Good Regulator, Bad Regulator

When we talk about regulation, we tend to talk about whether an industry is heavily regulated or lightly regulated, and our progressive friends have a tendency to claim that an industry has been “deregulated” even when the number and pages of regulations on the books is greater after the “deregulation” than it was before.
Rather than talk about whether we have too much or too little regulation with regard to any given industry or activity, we ought instead to talk about whether we have good regulations or poor ones. You’d think that would be obvious enough, but, judging by our political debate, it is not.
Take the recent turmoil in the banking world following the collapse of Silicon Valley Bank. The troubles at SVB were not particularly complex or unforeseeable: The bank had an unusually large share of its capital locked up in U.S. Treasury bonds, which are generally considered the gold standard of low-risk, bulletproof investments—and they are that, most of the time.
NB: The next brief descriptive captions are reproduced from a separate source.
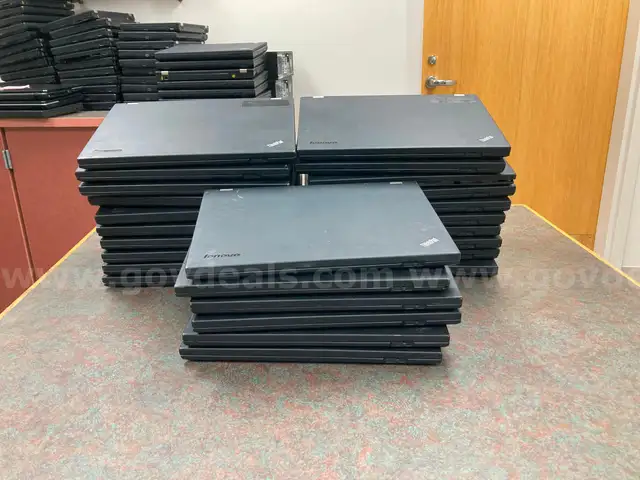 Lot of 26 T430s Laptops and Parts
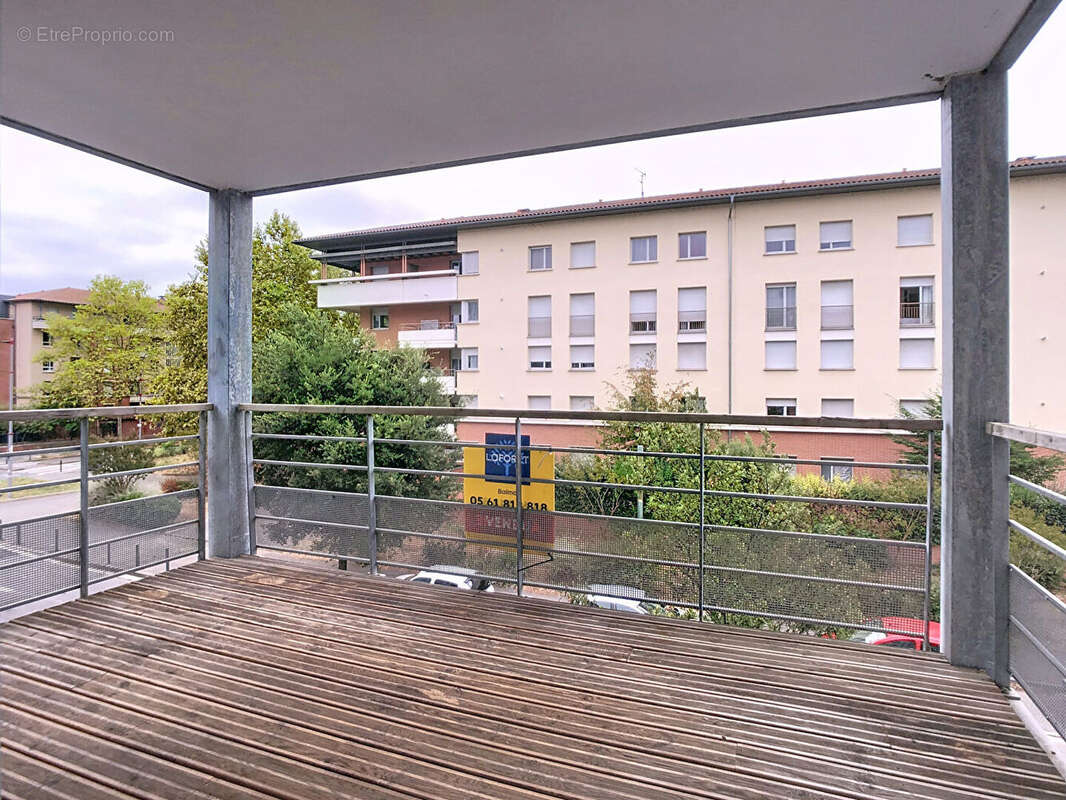 Appartement à TOULOUSE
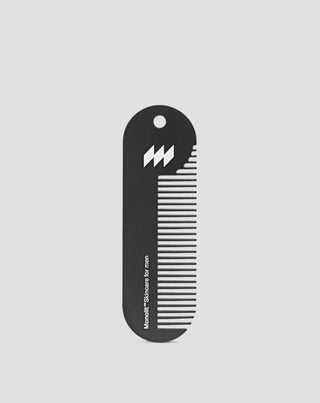Metalen kam voor baarden van alle soorten en lengtes Monolith - 1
The problem at SVB was (allow an English major to simplify, but only slightly) that they had bought those bonds at a time when interest rates were very low, which made those bonds liable to lose much of their value if interest rates were to increase—say, as part of a Federal Reserve campaign to beat down inflation. The term of art is “interest-rate risk,” but what’s really meant in this case is that nobody wants to buy U.S. Treasury bonds paying 2 percent if the same U.S. Treasury, backed by the same full faith and credit of the United States government, is offering identical bonds at 5 percent. Banks have to keep some savings (“capital cushion”) on hand to be able to pay depositors who want to withdraw money, and the value of SVB’s capital crashed as the Fed raised interest rates.